How do you approach maintaining quality, exclusivity, and authenticity?

We set out to create a watch brand that works for both traditionalists and trailblazers so we are constantly asking ourselves how what we do appeals to both types of clients. This means we can explore wider options and use each client as our target for feedback. What should we be investing in when it comes to looking at long-term uplift in value? Rolex steel models still continue to perform well. Whilst the market has been shifting over the last year, you will still find good value investments over a longer period – Patek Philippe rose gold models will continue to hold their value.

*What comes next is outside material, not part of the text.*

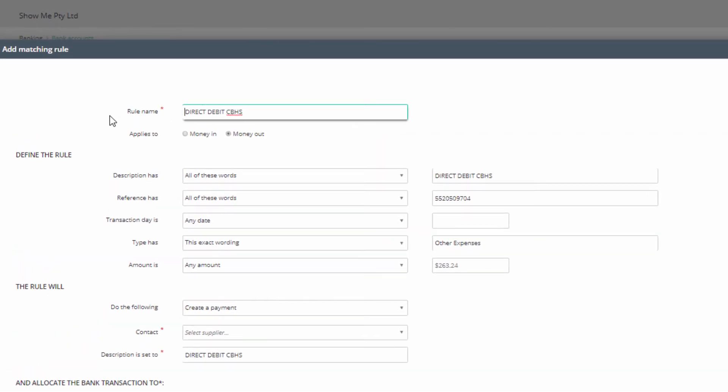Now work down the form to make the search criteria. You will need to correctly identify the transactions and process in the proper manner. The rule name will automatically show the description field. You can leave it as is or give it a more appropriate title.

Throughout your career, what has been the most remarkable piece you’ve created or sourced for a client?

It has to have been one of my very first Patek Philippe watches I ever sourced on behalf of a client. It was a men’s World Time 5131P which, at the time, they were slowing in production due to the artisan enameller at Patek Philippe losing their eyesight before training the upcoming artisans and so could not produce the very centre of the dial. I was lucky enough to secure a piece for my client in the end. Now that piece is worth over $220,000 but it was for a watch enthusiast building their collection and I was honoured to have secured it for them.

This is The Horology Issue – how do you optimise your own time for efficiency?

Everything I do has to count for something, whether I am enjoying downtime or developing new concepts in business. I set alarms for myself so that I ensure I spend my time as I intend – I love calendar invitations for everything!